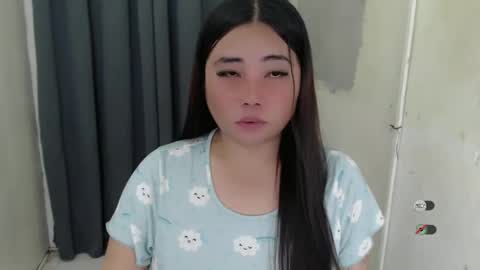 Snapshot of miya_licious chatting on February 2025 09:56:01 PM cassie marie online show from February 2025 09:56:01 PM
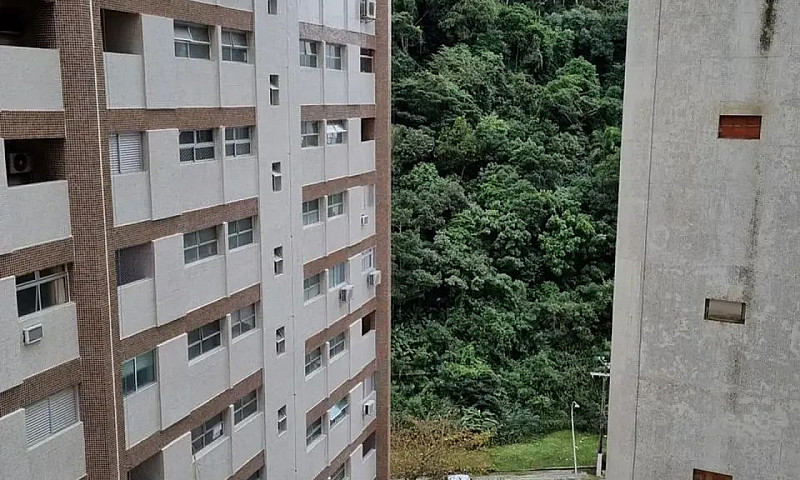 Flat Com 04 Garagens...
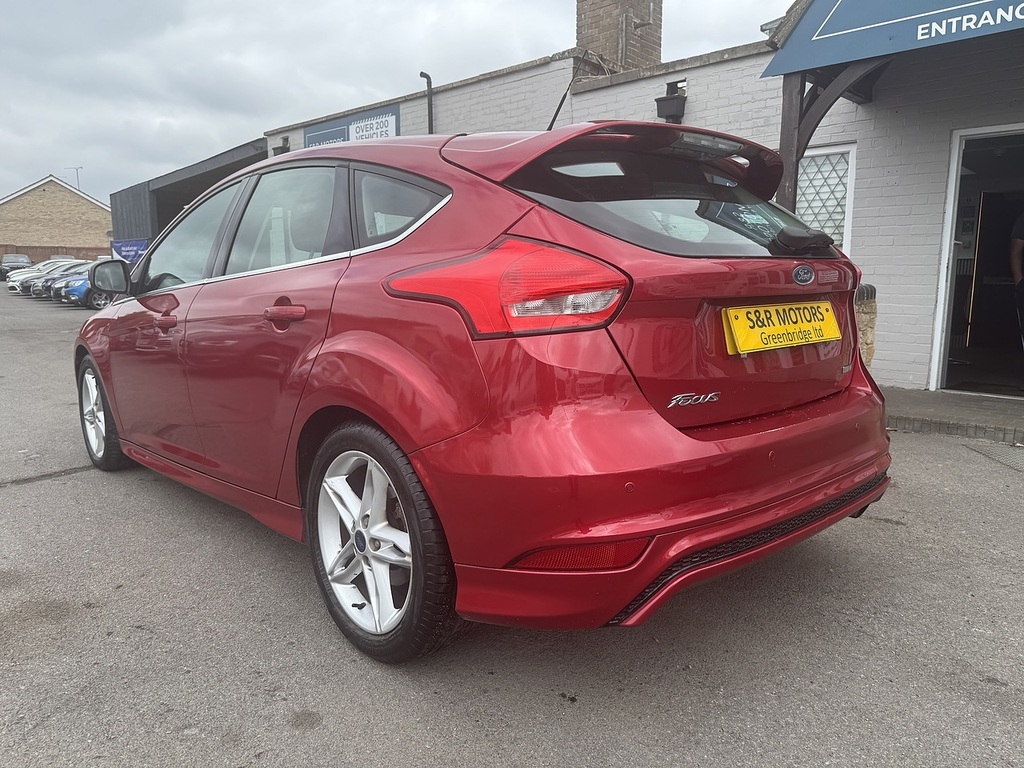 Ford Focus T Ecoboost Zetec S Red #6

--

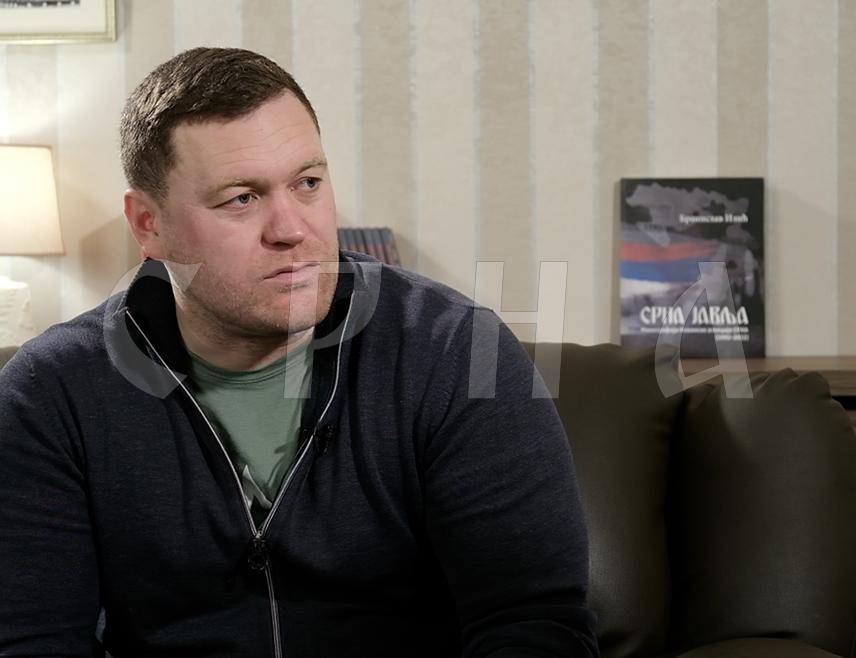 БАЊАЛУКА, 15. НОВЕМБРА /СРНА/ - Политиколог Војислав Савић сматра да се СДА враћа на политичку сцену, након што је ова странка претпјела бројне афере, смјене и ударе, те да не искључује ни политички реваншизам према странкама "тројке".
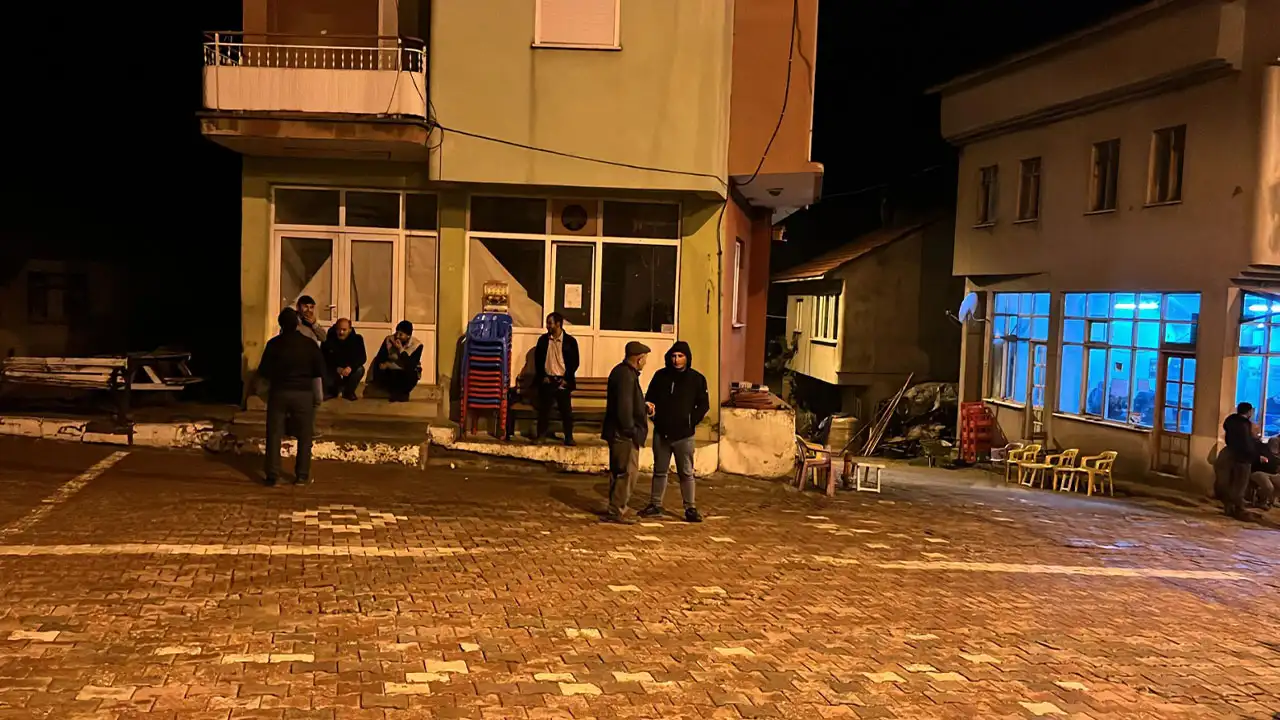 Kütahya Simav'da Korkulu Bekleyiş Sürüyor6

**Requirement:**
Whatever pictures the records hold, omit them; give again exactly the lines from the one containing "Snapshot of miya_licious" through the one containing "Ford Focus T Ecoboost Zetec S Red #6".

**Reply to the exercise:**
 Snapshot of miya_licious chatting on February 2025 09:56:01 PM cassie marie online show from February 2025 09:56:01 PM
 Flat Com 04 Garagens...
 Ford Focus T Ecoboost Zetec S Red #6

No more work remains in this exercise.